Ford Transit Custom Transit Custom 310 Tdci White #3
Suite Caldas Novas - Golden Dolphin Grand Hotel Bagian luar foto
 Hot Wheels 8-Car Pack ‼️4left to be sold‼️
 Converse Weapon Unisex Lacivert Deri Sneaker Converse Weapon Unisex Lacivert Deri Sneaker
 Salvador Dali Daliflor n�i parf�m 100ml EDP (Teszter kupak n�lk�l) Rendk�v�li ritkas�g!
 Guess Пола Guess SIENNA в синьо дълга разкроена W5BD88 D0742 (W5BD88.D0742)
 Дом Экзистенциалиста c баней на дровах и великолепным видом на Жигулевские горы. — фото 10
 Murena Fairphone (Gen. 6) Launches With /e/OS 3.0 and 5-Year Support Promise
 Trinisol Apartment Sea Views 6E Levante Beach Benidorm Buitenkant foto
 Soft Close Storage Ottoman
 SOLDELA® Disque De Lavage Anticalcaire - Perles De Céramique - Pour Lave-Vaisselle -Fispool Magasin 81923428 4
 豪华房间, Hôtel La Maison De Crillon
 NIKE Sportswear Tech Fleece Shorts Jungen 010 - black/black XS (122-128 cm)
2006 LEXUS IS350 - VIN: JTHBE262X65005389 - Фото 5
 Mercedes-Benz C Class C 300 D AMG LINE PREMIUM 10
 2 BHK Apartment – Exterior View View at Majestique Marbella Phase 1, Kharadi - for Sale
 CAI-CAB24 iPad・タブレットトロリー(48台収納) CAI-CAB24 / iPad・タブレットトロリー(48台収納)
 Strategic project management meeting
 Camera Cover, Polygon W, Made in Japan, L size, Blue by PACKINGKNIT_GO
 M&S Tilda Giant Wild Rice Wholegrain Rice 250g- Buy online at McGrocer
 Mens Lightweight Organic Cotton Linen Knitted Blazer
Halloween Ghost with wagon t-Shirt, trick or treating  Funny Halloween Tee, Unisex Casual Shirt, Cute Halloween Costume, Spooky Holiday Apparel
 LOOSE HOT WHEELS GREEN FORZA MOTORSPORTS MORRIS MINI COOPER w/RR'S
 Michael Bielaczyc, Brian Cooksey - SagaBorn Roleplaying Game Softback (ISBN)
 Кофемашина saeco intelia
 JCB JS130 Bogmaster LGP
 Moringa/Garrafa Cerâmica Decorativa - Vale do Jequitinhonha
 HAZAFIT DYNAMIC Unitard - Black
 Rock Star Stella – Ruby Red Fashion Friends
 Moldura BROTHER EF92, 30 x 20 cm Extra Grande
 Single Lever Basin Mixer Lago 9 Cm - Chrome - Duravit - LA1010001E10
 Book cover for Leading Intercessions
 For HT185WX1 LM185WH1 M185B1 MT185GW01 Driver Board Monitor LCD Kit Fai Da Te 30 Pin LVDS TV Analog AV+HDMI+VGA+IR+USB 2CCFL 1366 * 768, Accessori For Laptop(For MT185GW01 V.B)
• • • • • • •
Your objective - Copy verbatim, from the listing above, each line from the one containing "Дом Экзистенциалиста c" down to the one containing "Mens Lightweight Organic", inclusive.

Exercise output -
 Дом Экзистенциалиста c баней на дровах и великолепным видом на Жигулевские горы. — фото 10
 Murena Fairphone (Gen. 6) Launches With /e/OS 3.0 and 5-Year Support Promise
 Trinisol Apartment Sea Views 6E Levante Beach Benidorm Buitenkant foto
 Soft Close Storage Ottoman
 SOLDELA® Disque De Lavage Anticalcaire - Perles De Céramique - Pour Lave-Vaisselle -Fispool Magasin 81923428 4
 豪华房间, Hôtel La Maison De Crillon
 NIKE Sportswear Tech Fleece Shorts Jungen 010 - black/black XS (122-128 cm)
2006 LEXUS IS350 - VIN: JTHBE262X65005389 - Фото 5
 Mercedes-Benz C Class C 300 D AMG LINE PREMIUM 10
 2 BHK Apartment – Exterior View View at Majestique Marbella Phase 1, Kharadi - for Sale
 CAI-CAB24 iPad・タブレットトロリー(48台収納) CAI-CAB24 / iPad・タブレットトロリー(48台収納)
 Strategic project management meeting
 Camera Cover, Polygon W, Made in Japan, L size, Blue by PACKINGKNIT_GO
 M&S Tilda Giant Wild Rice Wholegrain Rice 250g- Buy online at McGrocer
 Mens Lightweight Organic Cotton Linen Knitted Blazer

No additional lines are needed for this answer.